**DIRECTIONS FOR THIS TASK**.
Ignoring the pictures, repeat every entry below exactly as it appears.

**Records from a data source**.
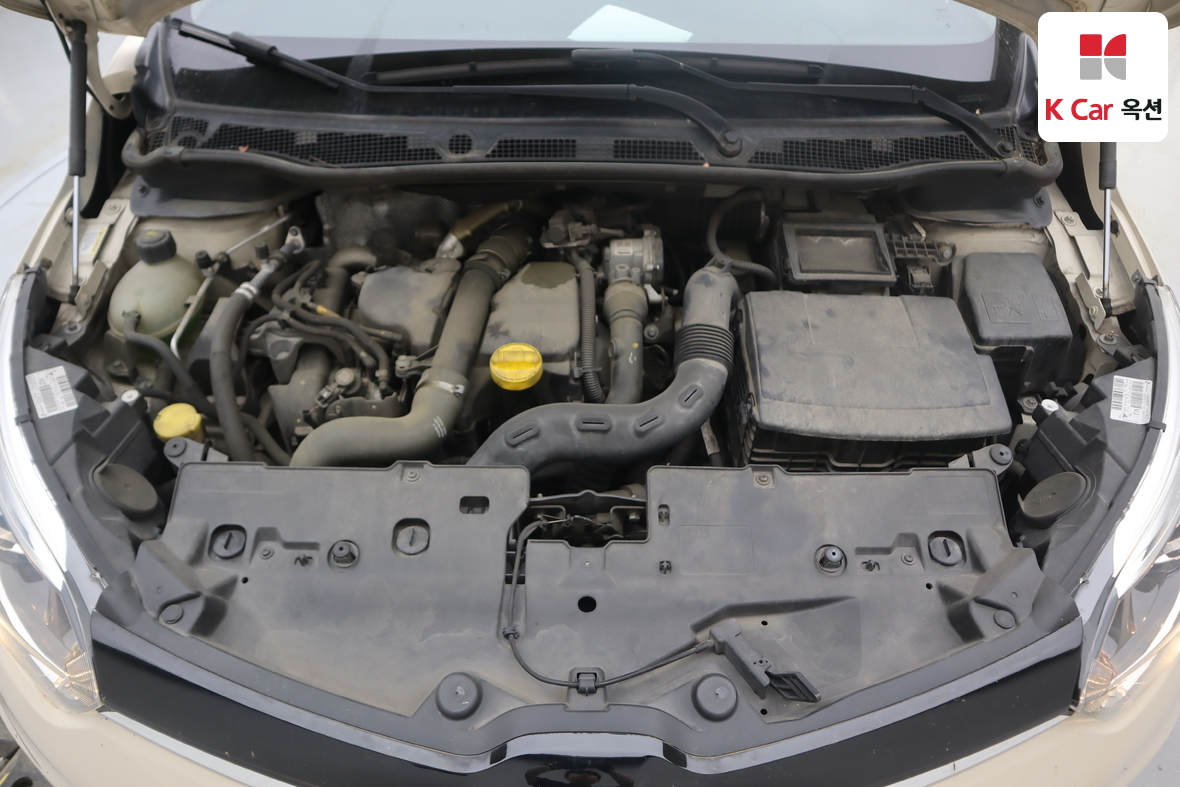 Renault Samsung QM3 - 32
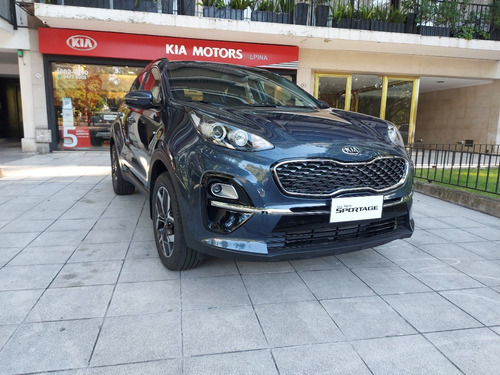 Kia Sportage 4x4 2021!! Oportunidad!!! Automatic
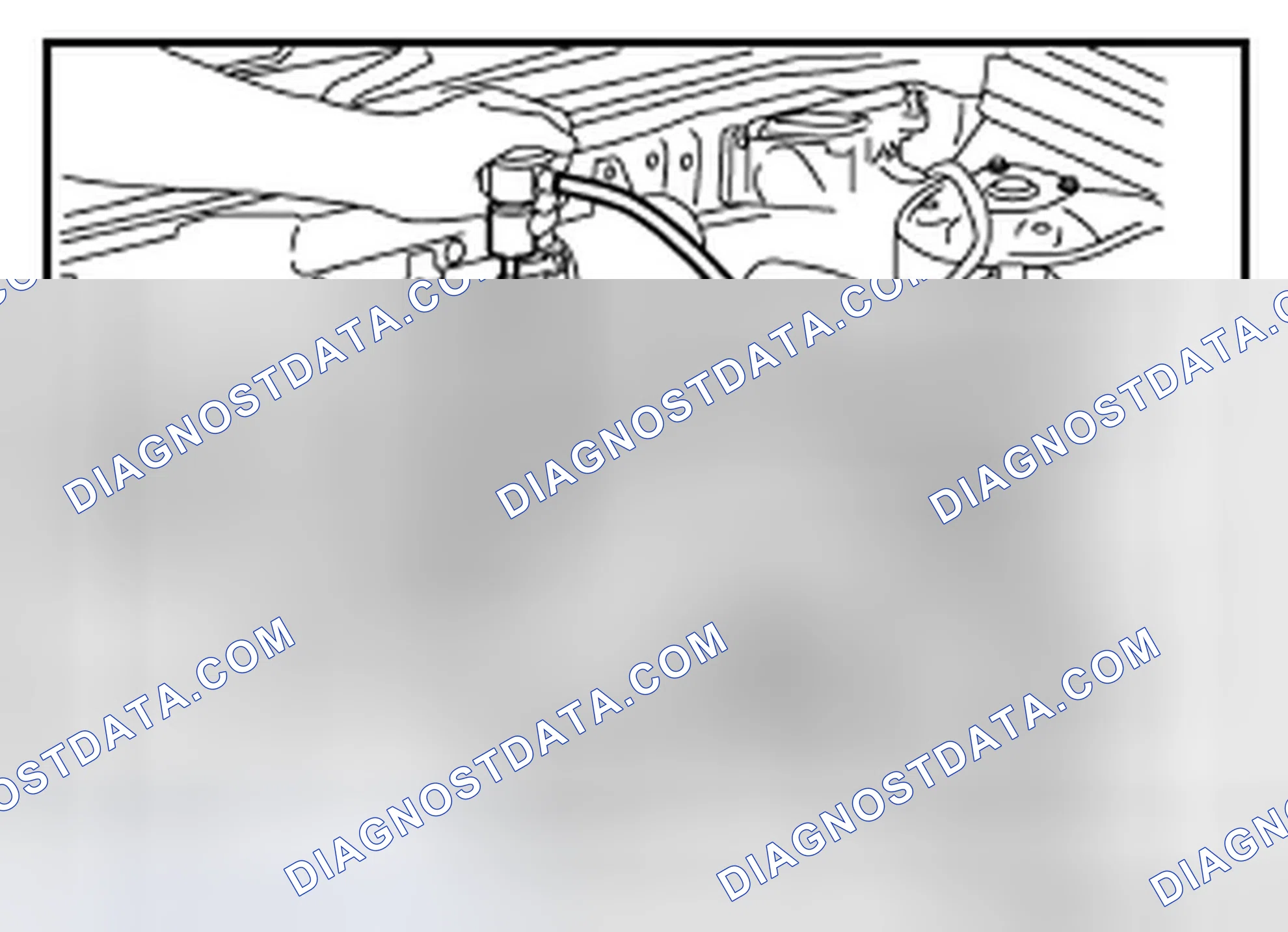 Scheme 527: CHECKING COMPRESSION PRESSURE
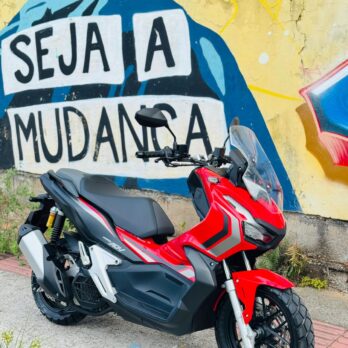 Honda Adv 150 2024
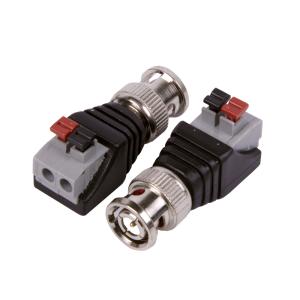 Разъем BNCштекер с быстрозажимной колодкой (блистер) REXANT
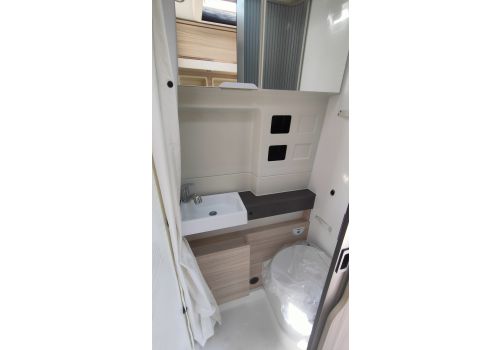 Furgoneta Cámper DREAMER Camper Five Fun de Ocasión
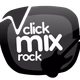 Logo de Rádio Click Mix - Rock n' Roll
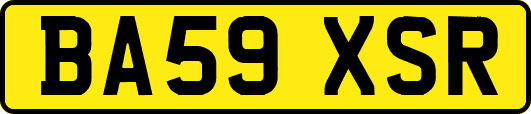 BA59XSR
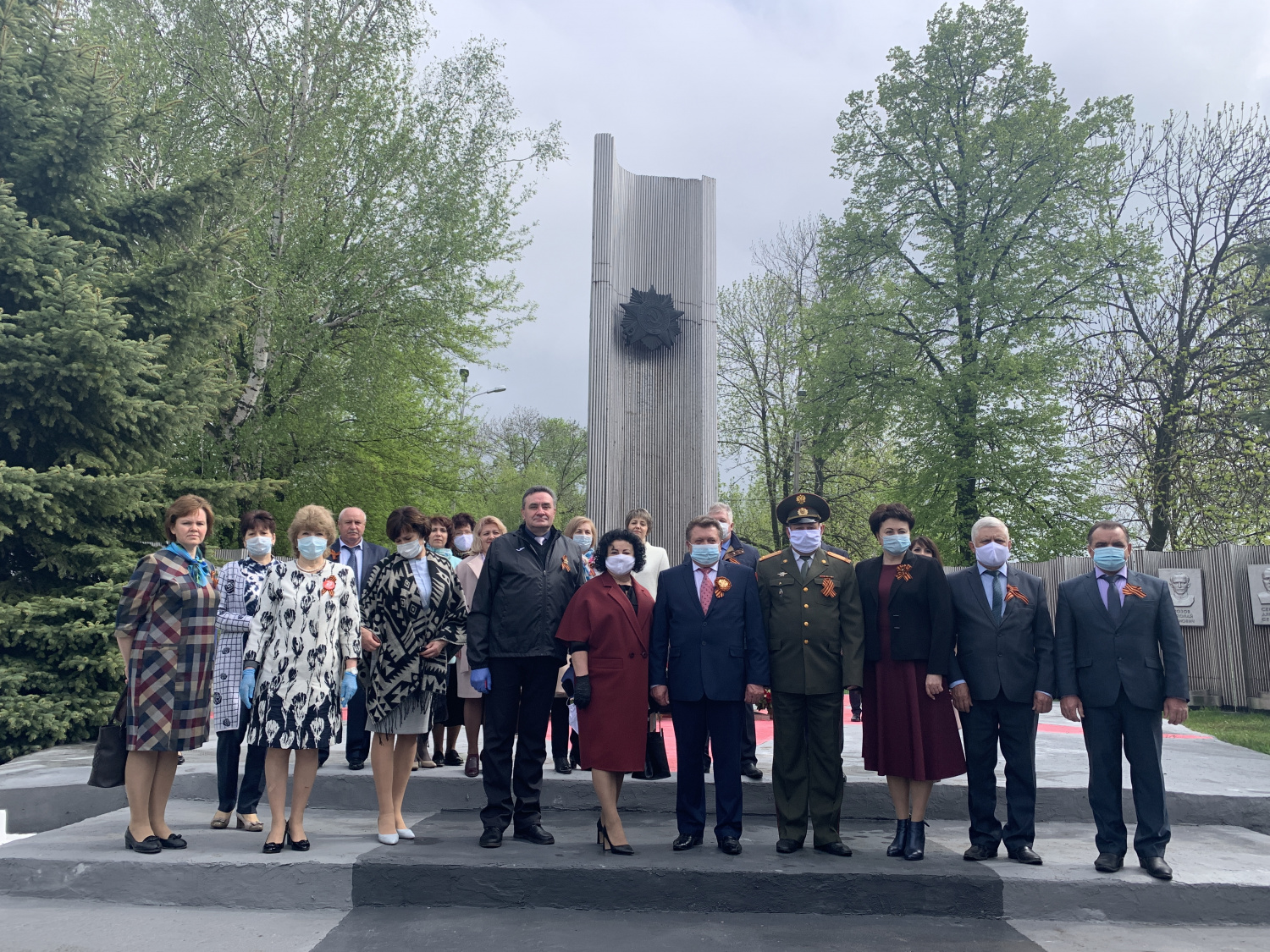 9 мая 2020 года вся наша страна праздновала Великий День – день 75-летия Победы над фашистской Германией. 
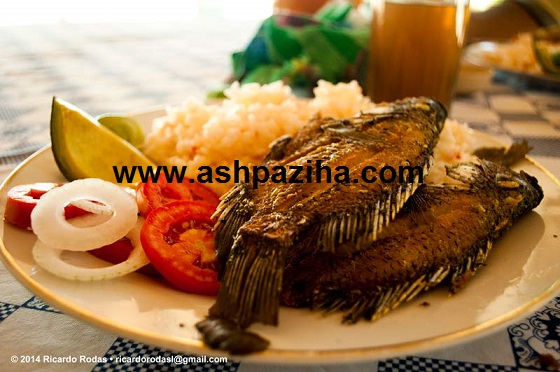 Fish - fried - especially - at night - Eid - 1395 (6)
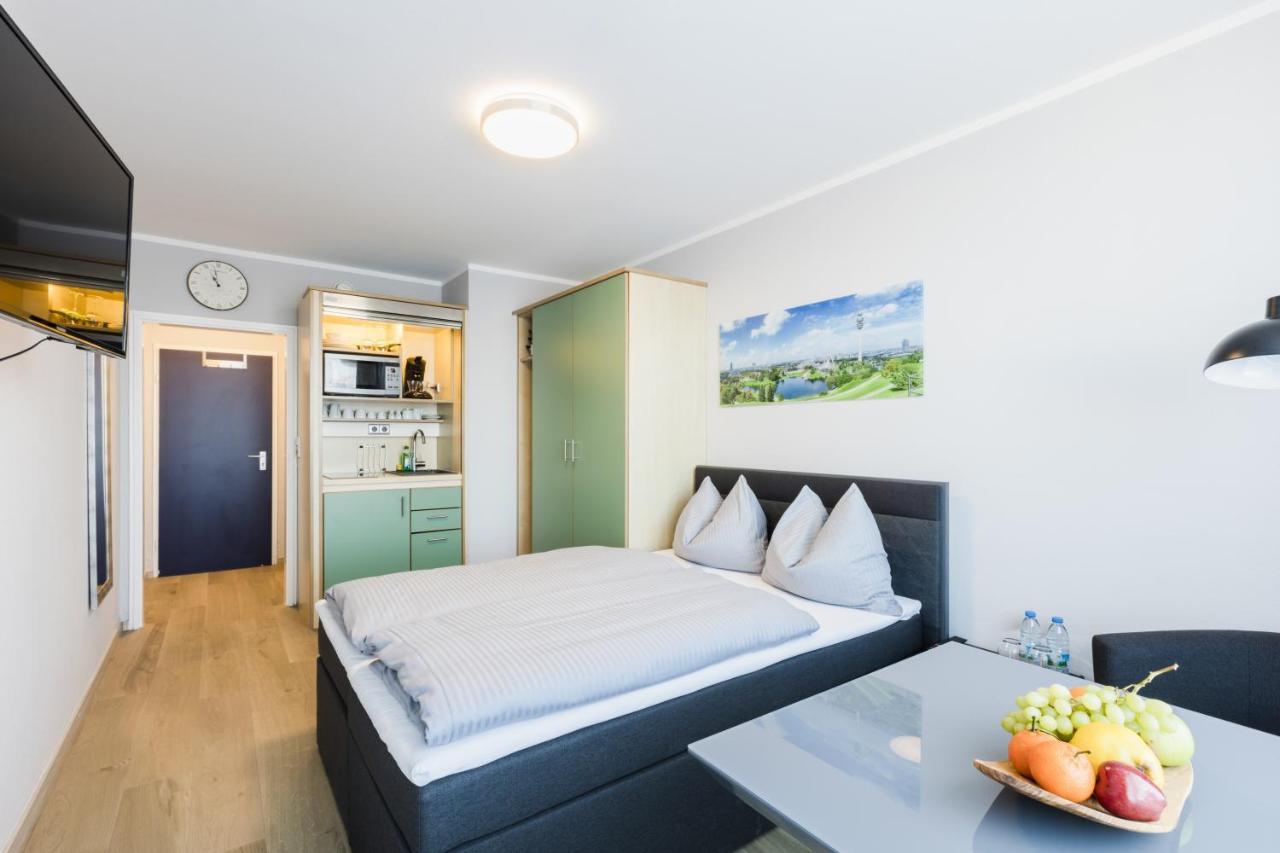 Centerroom Muenchen City 외부 사진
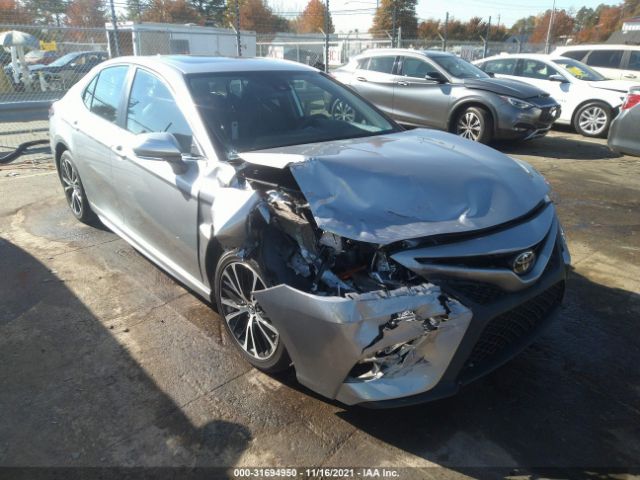 TOYOTA CAMRY 2019 4t1b11hk7ku159977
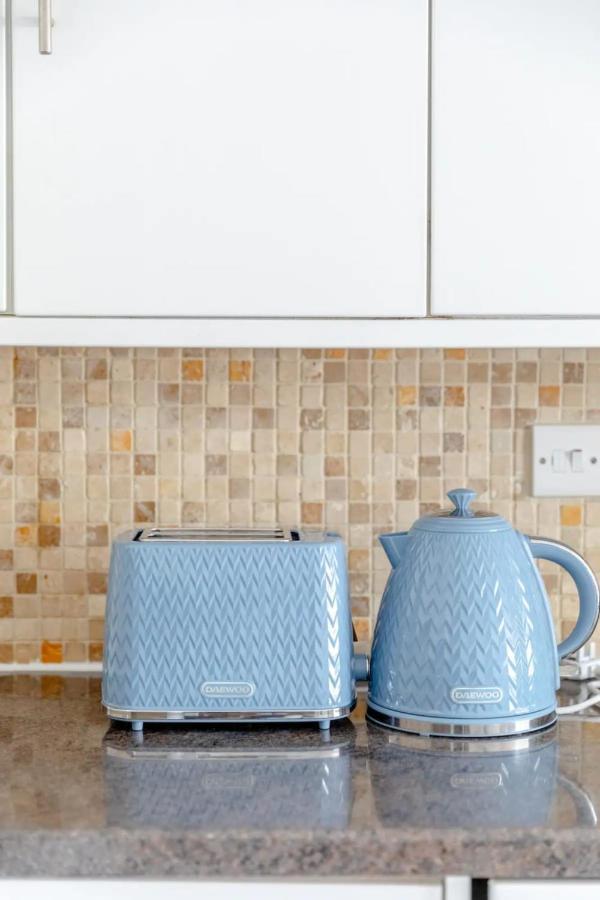 Bright & Contemporary 1bd Flat - Haggerston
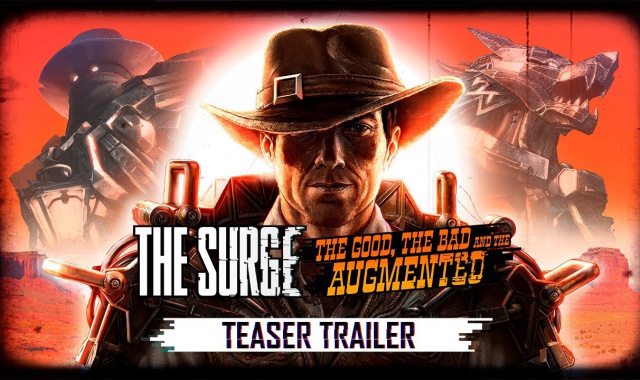 The Surge Heads West With The Good, The Bad, And The Augmented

**WRITTEN ANSWER**.
 Renault Samsung QM3 - 32
 Kia Sportage 4x4 2021!! Oportunidad!!! Automatic
 Scheme 527: CHECKING COMPRESSION PRESSURE
 Honda Adv 150 2024
 Разъем BNCштекер с быстрозажимной колодкой (блистер) REXANT
 Furgoneta Cámper DREAMER Camper Five Fun de Ocasión
 Logo de Rádio Click Mix - Rock n' Roll
 BA59XSR
 9 мая 2020 года вся наша страна праздновала Великий День – день 75-летия Победы над фашистской Германией. 
 Fish - fried - especially - at night - Eid - 1395 (6)
 Centerroom Muenchen City 외부 사진
 TOYOTA CAMRY 2019 4t1b11hk7ku159977
 Bright & Contemporary 1bd Flat - Haggerston
 The Surge Heads West With The Good, The Bad, And The Augmented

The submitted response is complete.